A machine on which you could run various programs and apps.
Well, we also created the internet, of course, otherwise we couldn’t connect our web apps to our users.
If you have a few users, a single server may suffice.
But you know how it goes, with the spread of the web and internet, we now have billions of users, and millions of servers.
Things kinda got complicated, and we introduced lots of hard concepts around distributed microservices, replicated databases.
We even coined theorems, like the CAP theorem, for Consistency, Availability, Partitioning. But you can only pick 2.
Humans invented the cloud, in order to avoid dealing with the physical world.
But there are still databases, servers, or virtual machines to manage.
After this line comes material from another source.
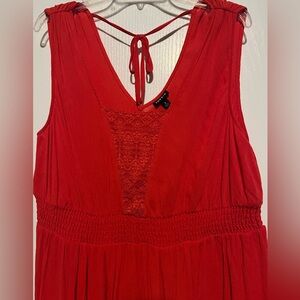 NEW: Torrid Red Blouse sleeveless with Lace Accent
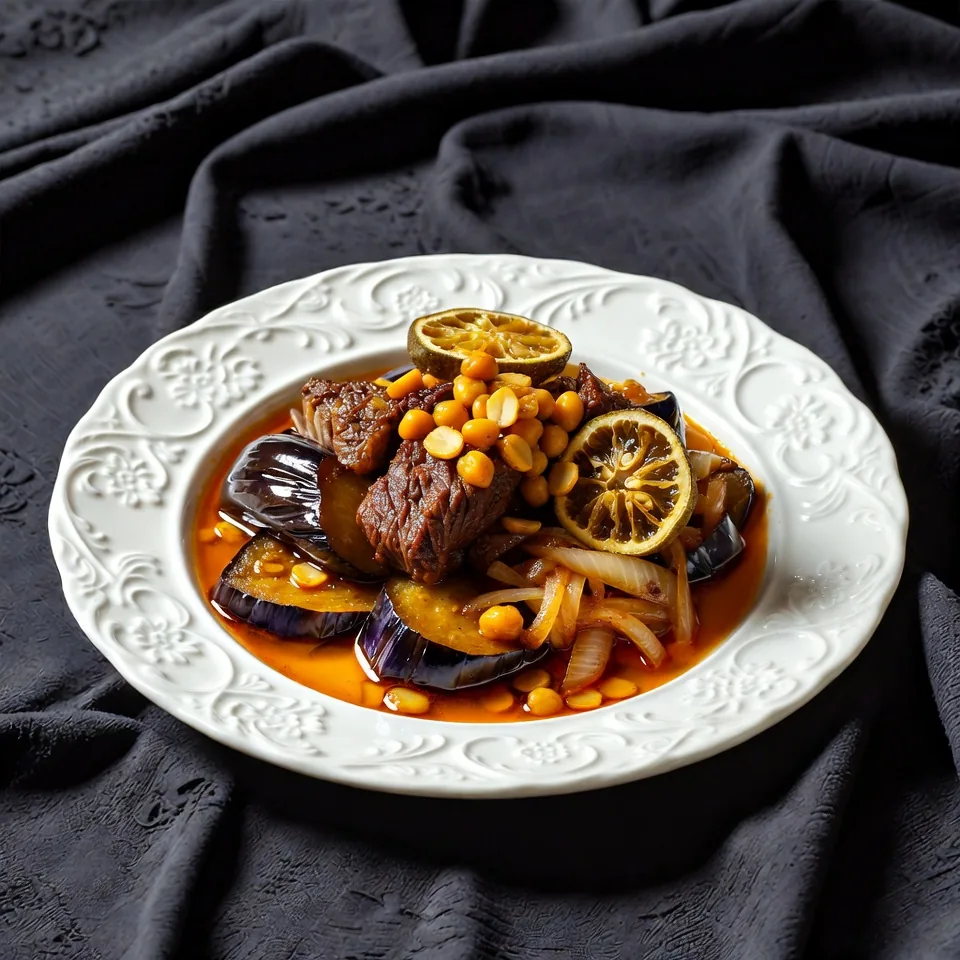 Gheimeh Bademjan, Sautéed eggplant, onions, beef and sun-dried limes, simmered with yellow split peas in our special tomato sauce.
However, you don’t have to get your hands dirty with the ethernet cables, changing the failing hard-drives, upgrading to the latest CPU and RAM.
Usually, it’s the cloud provider that has folks that wake up in the middle of the night to upgrade those things.
You can sleep a little bit better at night, even if your boss may still call you at 3am because your app is misbehaving.
To focus on the code, and to avoid the complexity of managing servers, provisioning clusters, configuring networking, fine-tuning databases, even in the cloud… humans came up with the concept of serverless!
Here is a picture of the latest Google datacenter for serverless! Look, no servers!
Well, I’m kidding, of course, there are always servers around!
Even if the word serverless wasn’t there yet, it all started with Platform-as-a-Service, with App Engine and Heroku.
The promise was “give us your code or your app, and we’ll run it for you”.
The hardware management aspect was already there. Scaling was also handled by the platform.
The pricing as well was proportional to the usage of the resources.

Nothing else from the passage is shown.